Asumo el riesgo. Yo no voy a juzgar al deseo de nadie. Lo harán los demás. Nunca falta nadie para eso. Ahora bajo por una calle en el barrio Monti, las enredaderas y los cables cubiertos de luces festivas, de colores y amarillas. Y la Vía Corso también, luces en todas partes, la araña ha tejido así con luz para que todos quisiéramos venir. Como tirar de la cuerda de la telaraña que indica que ha caído algo, que es hora de la voracidad.
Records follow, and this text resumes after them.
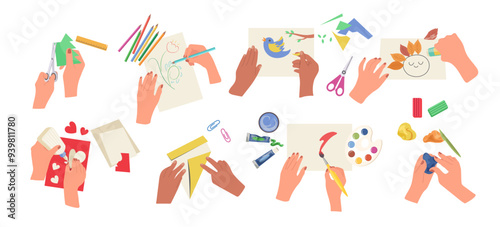 Human hands making craft artwork at creative class enjoying hobby activity top view isolated set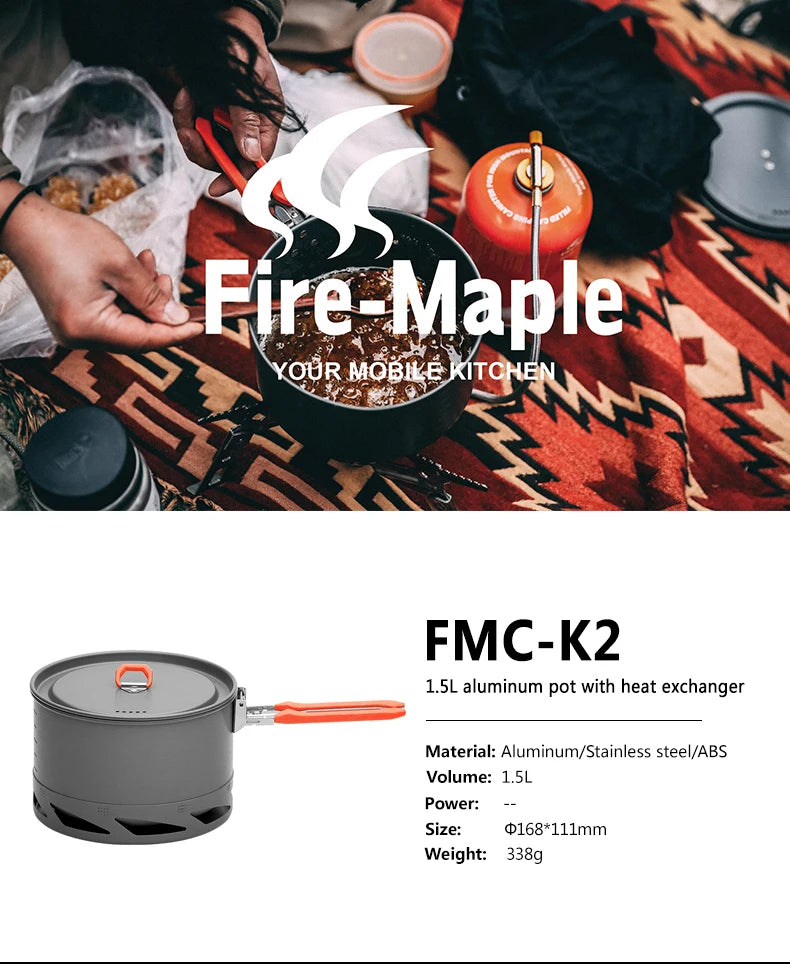 Fire Maple Feast Series K2 1.5L Outdoor Portable Foldable Handle Heat Exchanger Pot Camping Kettle Picnic Cookware 338g FMC-K2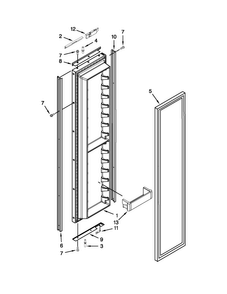 Freezer Door Parts Diagram and Parts List for JS48NXFXDW04  Jenn-Air Refrigerator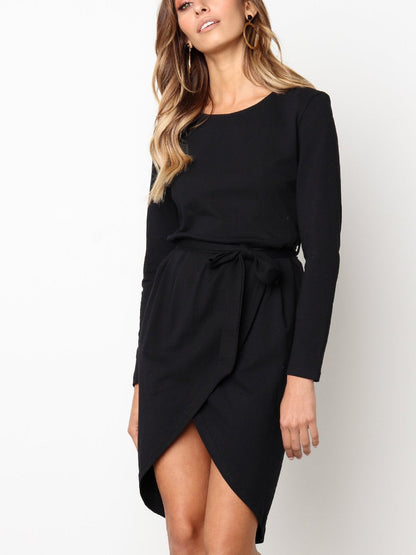 Cocktail Hour Boat Neck High-Low Dress
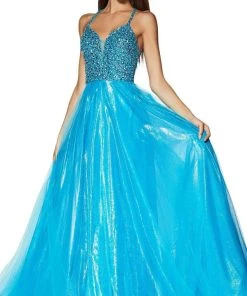 Cinderella Divine - CR835 Beaded Sleeveless Top Metallic Organza Gown Formal Gowns 7 Cinderella Divine - CR835 Beaded Sleeveless Top Metallic Organza Gown Formal Gowns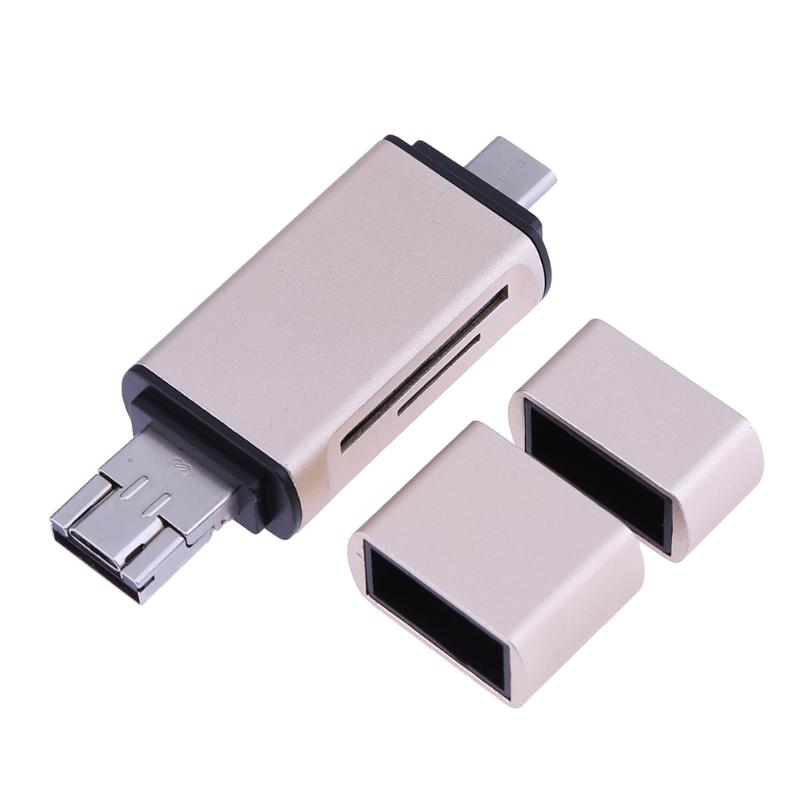 Card Reader 5 in 1 Type-C to Micro USB 2.0 TF/SD/MMC Card Reader USB 3.0 OTG Adapter for Type-C laptop - ebowsos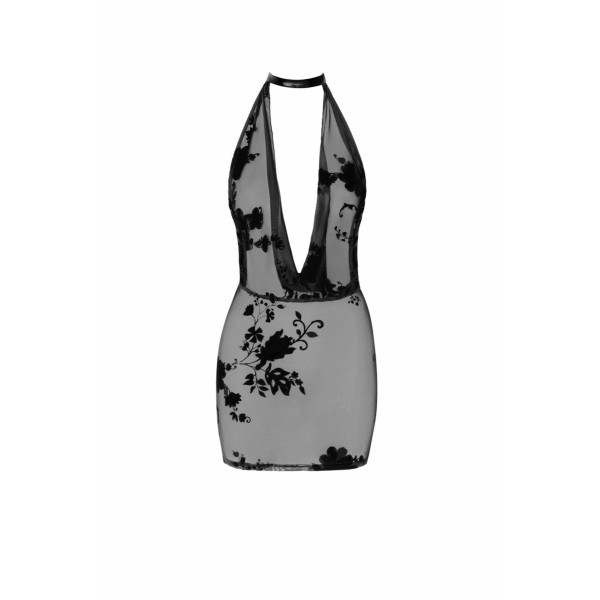 Платье Noir Handmade F313 Mythos mini flocked mesh dress with jewelry rhinestone chain - XXL, Noir Handmade (Польща) - IntimLand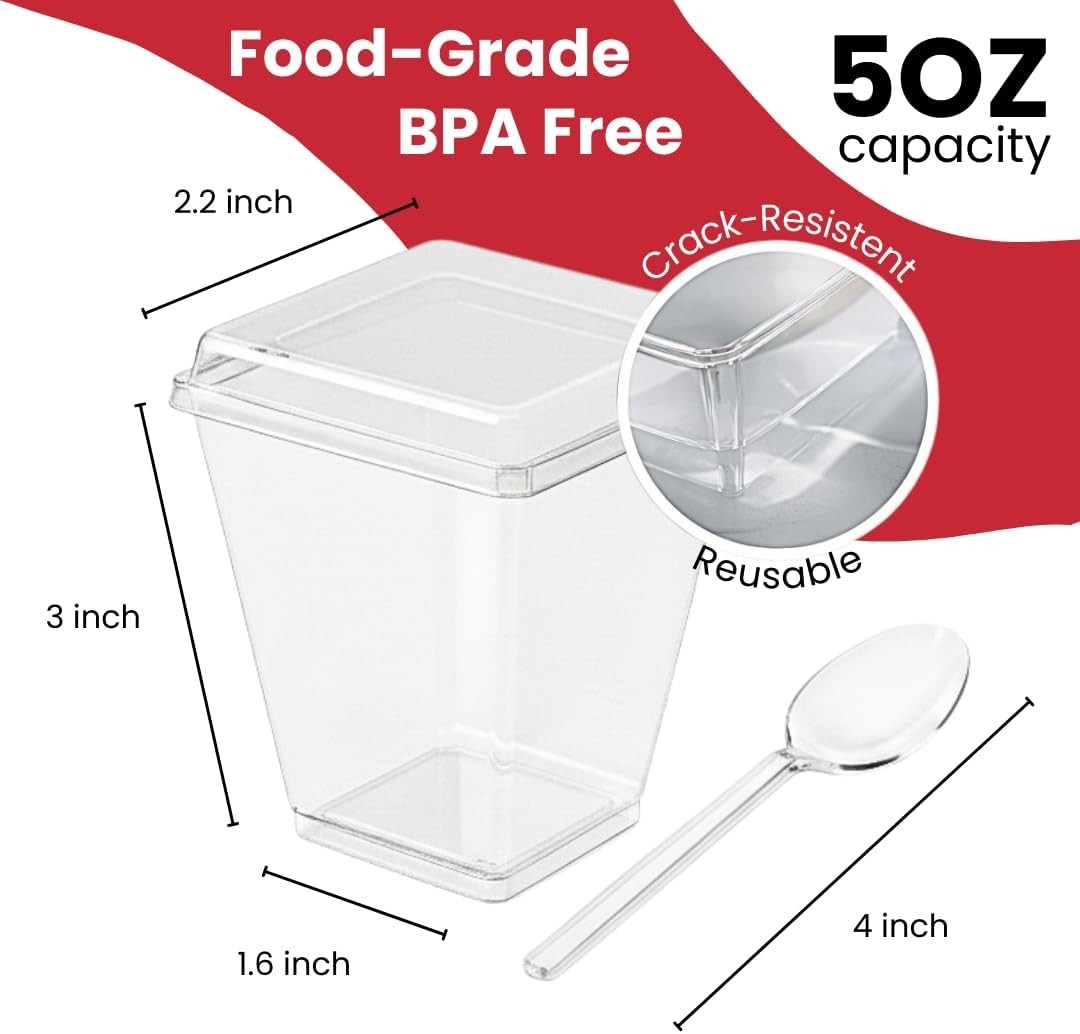 100 Pack 5 oz Disposable Plastic Dessert Cups with Lids and Spoons Clear Mini…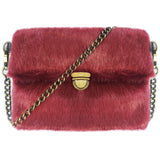 Plain Bold Bright Fluffy Faux Fur Over Shoulder Clutch Bag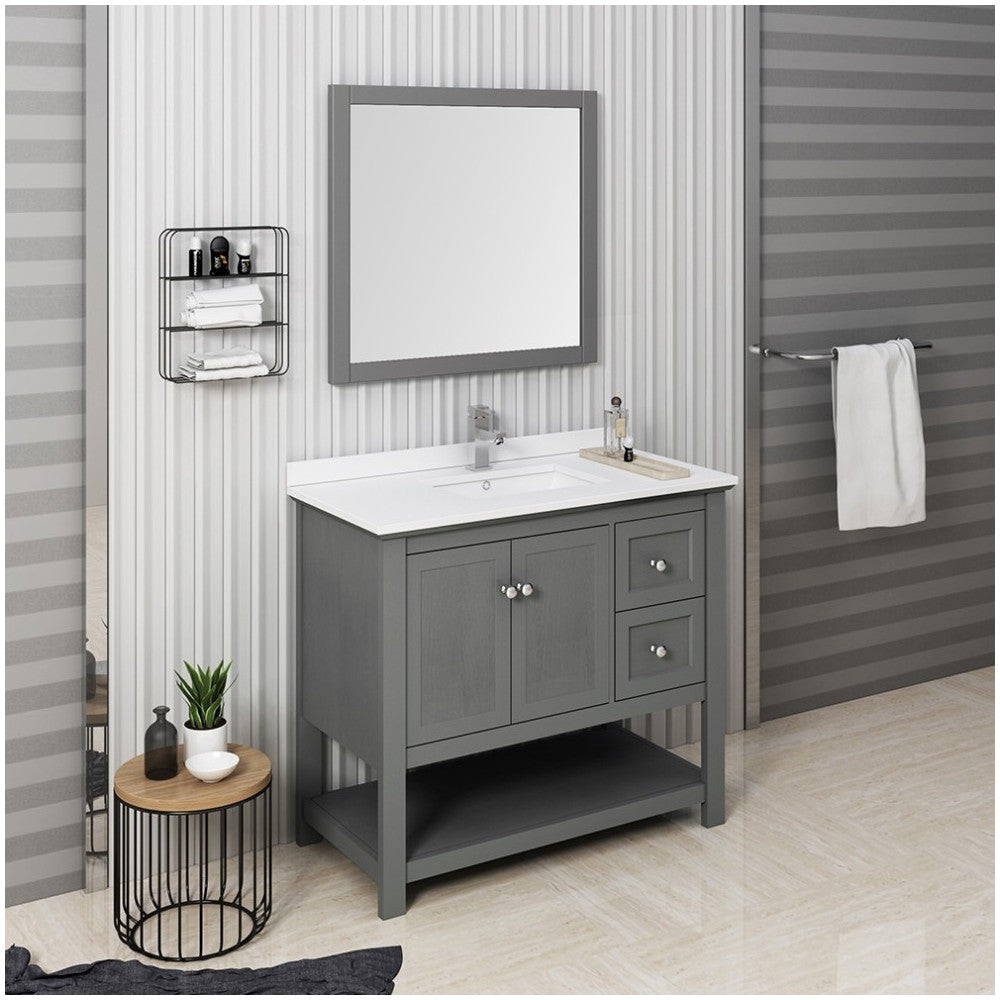 Manchester Regal 42" Gray Wood Veneer Traditional Bathroom Vanity w/ Mirror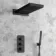Galway Premium Matt Black Square Thermostatic Waterfall Shower Set & Hand Shower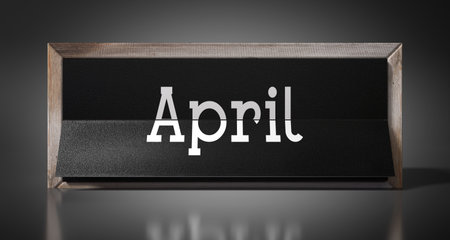 April - table calendar - 3D illustrationの写真素材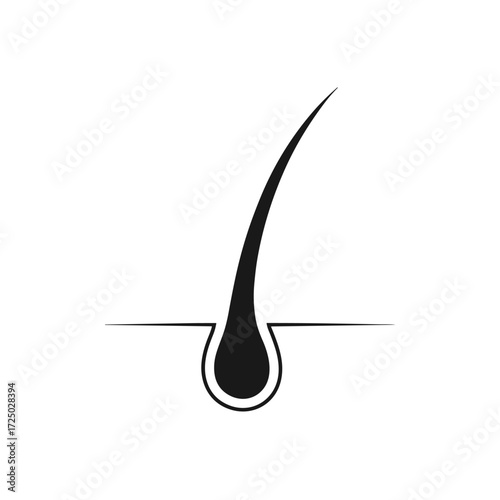Hair follicle vector illustration depicting a single hair piercing through the skin surface, showcasing the root structure beneath. Essential for anatomy, dermatology, and beauty concepts.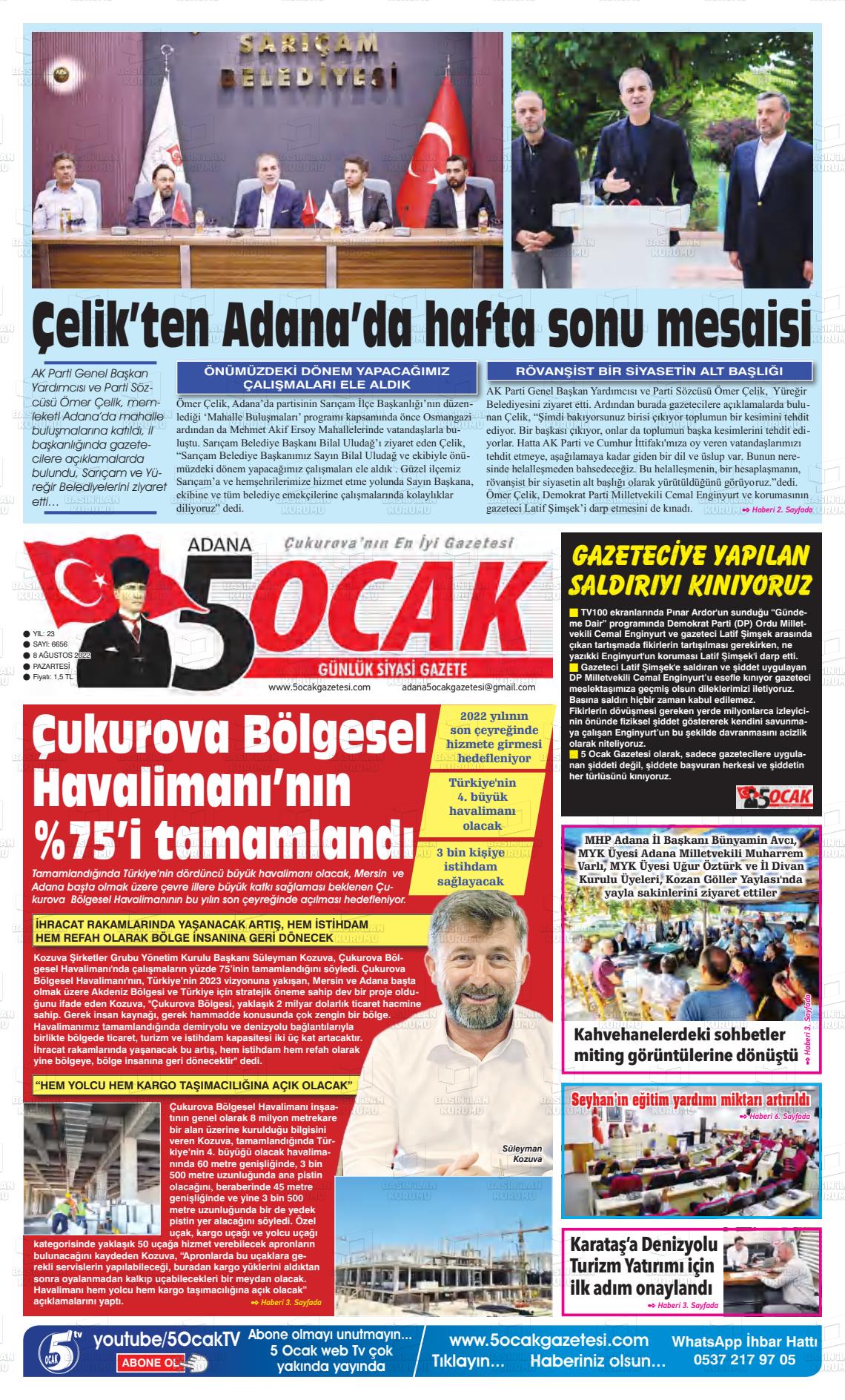08 Ağustos 2022 Adana 5 Ocak Gazete Manşeti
Un amigo me ha explicado que los pájaros que viajan en cardumen se llaman estorninos. Y viajan así para protegerse de los predadores, mantienen una distancia perfecta entre cada uno para evitar que otro pájaro se meta entre ellos, y viran inesperadamente, y cambian de forma, no ellos, sino todos, lo que forman entre todos. Nunca es la misma figura. Pero eso ya es otra historia.